Anthropic ships 12 legal plug-ins for Claude with Westlaw, Harvey, Box integration
TL;DR:
- Anthropic on Tuesday released an expanded suite of legal features for Claude, including direct access within Claude to Thomson Reuters’ Westlaw Primary Law database and CoCounsel AI platform, plus integrations with Harvey, Box, Everlaw and DocuSign.
- The release adds 12 new legal practice plug-ins covering commercial counsel, employment counsel, litigation associate and law student roles, deployable inside Anthropic’s Cowork or embedded into firms’ own systems.
- A recent Anthropic webinar on legal team use of Claude drew more than 20,000 registrations, according to associate general counsel Mark Pike — a signal of how deep the adoption curve is becoming inside law firms.
The release builds on plug-ins for Claude Cowork announced in late January, which triggered a major selloff in US and European data analytics, professional services and software firms.

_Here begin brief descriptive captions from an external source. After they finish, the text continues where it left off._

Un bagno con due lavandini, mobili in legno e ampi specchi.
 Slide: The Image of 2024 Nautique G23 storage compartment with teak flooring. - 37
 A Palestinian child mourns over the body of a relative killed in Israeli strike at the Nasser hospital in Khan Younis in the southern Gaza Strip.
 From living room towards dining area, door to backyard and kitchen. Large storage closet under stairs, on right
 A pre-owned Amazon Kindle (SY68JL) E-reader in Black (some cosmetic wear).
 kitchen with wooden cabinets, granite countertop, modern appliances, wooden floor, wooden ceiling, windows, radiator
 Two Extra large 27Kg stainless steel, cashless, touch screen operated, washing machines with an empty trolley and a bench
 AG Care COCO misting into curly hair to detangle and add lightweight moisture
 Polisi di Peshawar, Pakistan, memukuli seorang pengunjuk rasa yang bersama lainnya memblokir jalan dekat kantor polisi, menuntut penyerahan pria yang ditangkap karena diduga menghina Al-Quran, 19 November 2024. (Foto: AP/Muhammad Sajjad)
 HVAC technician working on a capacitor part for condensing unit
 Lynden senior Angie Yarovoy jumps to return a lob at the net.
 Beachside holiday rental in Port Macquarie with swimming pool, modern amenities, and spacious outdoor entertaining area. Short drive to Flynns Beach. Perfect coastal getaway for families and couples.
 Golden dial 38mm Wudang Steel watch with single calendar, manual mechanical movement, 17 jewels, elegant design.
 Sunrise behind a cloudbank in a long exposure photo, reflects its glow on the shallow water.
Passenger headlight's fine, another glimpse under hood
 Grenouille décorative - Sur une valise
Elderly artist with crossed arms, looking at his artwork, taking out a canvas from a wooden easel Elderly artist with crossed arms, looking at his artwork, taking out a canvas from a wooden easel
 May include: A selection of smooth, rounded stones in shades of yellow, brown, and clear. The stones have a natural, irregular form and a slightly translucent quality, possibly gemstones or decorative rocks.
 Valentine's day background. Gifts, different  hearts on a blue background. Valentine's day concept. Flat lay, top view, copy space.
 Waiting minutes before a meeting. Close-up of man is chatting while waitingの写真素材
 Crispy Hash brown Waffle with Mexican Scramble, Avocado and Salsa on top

Tuesday’s expansion firmly establishes the legal vertical as Anthropic’s lead enterprise-AI growth bet.
What the integrations actually do
Thomson Reuters CTO Joel Hron described the CoCounsel integration as ensuring “wherever lawyers are working, the full power of CoCounsel Legal is available to them” — while clarifying that the integration “doesn’t replace the CoCounsel Legal platform or provide standalone access to that underlying content and workflow system”. The careful framing reflects a commercial reality: Thomson Reuters cannot let its own paid platforms be cannibalised by a third-party chat interface. Financial terms were not disclosed; Reuters notes Thomson Reuters is its own parent company.
The Harvey integration is more substantive in capability terms. Harvey’s specialised legal assistant — one of the most-funded AI startups in the legal vertical — being callable from inside Claude effectively bundles two competing AI products into a single workflow, an unusual commercial step that signals the market is maturing past the “every vendor builds their own end-to-end stack” phase.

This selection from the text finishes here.